[Data entries]

+ + + + +

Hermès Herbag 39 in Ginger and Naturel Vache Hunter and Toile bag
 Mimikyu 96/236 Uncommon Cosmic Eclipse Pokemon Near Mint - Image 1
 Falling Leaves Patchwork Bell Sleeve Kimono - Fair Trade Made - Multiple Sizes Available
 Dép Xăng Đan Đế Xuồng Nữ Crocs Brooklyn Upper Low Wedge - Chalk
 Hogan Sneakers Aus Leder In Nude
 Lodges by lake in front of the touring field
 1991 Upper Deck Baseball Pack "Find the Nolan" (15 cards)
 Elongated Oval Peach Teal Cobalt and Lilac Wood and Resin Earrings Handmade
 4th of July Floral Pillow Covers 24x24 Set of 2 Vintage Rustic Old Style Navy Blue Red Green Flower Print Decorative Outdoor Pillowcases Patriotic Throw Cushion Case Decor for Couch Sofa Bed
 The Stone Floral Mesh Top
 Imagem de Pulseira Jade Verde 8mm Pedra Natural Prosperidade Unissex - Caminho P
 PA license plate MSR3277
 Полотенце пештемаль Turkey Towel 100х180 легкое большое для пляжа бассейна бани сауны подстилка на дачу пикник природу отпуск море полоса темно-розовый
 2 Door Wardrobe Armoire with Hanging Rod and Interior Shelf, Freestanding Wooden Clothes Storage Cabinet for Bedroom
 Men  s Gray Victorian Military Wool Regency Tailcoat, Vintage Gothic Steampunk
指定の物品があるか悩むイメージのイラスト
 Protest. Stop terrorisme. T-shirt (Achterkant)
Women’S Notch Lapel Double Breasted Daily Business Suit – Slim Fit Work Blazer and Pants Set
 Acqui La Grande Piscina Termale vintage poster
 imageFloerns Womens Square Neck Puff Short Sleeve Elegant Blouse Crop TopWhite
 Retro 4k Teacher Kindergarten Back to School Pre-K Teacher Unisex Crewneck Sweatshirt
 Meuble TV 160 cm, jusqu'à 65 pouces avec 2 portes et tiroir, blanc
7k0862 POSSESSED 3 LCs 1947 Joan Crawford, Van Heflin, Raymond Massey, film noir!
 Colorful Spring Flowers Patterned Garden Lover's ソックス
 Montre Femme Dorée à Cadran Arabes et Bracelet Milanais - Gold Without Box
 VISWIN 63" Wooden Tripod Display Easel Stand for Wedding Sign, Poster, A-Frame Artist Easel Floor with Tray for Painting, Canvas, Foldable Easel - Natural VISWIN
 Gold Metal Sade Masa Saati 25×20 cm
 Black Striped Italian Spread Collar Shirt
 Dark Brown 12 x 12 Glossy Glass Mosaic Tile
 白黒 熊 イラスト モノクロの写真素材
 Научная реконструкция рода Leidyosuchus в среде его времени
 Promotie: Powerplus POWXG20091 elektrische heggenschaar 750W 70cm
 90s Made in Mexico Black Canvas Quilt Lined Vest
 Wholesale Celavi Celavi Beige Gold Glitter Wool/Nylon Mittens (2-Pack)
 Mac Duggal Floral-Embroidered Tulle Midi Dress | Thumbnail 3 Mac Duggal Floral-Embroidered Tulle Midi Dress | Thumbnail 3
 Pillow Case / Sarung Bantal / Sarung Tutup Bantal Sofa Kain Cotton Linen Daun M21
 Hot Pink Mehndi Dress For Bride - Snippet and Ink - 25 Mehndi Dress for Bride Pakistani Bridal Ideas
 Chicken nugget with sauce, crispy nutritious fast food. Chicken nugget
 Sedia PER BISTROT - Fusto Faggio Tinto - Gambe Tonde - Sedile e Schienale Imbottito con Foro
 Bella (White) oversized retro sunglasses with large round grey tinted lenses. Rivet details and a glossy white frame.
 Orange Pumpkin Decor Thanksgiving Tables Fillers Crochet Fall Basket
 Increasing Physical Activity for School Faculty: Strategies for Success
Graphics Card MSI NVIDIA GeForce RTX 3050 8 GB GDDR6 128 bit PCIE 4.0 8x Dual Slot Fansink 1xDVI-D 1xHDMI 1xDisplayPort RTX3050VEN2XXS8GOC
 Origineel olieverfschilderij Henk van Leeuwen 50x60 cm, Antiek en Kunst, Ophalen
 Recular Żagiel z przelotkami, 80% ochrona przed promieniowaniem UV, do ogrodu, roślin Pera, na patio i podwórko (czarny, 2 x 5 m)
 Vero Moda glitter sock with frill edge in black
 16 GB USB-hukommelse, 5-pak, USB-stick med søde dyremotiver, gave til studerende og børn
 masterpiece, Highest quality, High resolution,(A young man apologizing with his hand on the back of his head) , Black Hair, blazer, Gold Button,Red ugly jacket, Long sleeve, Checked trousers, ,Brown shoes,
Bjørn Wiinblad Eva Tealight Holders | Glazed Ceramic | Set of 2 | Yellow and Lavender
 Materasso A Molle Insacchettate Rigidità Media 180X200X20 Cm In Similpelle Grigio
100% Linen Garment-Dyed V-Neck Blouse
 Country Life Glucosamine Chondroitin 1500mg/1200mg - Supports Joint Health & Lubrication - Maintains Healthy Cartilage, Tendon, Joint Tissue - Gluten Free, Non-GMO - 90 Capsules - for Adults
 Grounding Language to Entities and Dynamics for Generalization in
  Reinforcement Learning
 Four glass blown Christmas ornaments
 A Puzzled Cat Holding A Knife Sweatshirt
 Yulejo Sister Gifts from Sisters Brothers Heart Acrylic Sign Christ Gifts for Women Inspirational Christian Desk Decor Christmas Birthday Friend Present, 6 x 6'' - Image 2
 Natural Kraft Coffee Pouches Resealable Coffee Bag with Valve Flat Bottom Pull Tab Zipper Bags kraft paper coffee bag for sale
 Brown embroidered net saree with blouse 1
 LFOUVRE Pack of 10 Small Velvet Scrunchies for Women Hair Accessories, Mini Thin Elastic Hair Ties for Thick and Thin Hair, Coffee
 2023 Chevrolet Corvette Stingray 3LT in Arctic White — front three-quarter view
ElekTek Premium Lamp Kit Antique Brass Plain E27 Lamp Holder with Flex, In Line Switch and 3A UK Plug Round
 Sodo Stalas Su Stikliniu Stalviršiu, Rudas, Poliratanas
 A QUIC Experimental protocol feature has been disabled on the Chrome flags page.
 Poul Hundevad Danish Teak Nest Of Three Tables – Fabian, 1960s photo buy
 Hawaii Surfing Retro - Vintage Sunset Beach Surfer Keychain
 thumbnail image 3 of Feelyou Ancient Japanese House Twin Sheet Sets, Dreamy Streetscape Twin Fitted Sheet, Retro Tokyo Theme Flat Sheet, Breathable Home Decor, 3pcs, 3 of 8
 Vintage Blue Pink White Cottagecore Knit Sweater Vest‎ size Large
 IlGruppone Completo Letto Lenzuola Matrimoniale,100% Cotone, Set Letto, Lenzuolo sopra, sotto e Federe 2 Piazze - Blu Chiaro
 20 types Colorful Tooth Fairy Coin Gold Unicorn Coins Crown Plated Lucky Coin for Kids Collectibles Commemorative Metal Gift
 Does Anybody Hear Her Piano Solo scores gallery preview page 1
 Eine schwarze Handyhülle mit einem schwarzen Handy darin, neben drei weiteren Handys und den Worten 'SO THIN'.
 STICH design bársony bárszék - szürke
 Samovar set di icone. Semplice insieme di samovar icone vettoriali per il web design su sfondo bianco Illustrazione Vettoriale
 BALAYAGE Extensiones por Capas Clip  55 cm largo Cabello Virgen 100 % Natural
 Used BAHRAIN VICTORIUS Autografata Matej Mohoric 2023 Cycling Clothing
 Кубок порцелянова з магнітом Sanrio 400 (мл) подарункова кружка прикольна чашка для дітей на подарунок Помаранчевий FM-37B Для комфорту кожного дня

+ + + + +

Every line in the data that holds the string "Christmas" should be returned.

 Four glass blown Christmas ornaments
 Yulejo Sister Gifts from Sisters Brothers Heart Acrylic Sign Christ Gifts for Women Inspirational Christian Desk Decor Christmas Birthday Friend Present, 6 x 6'' - Image 2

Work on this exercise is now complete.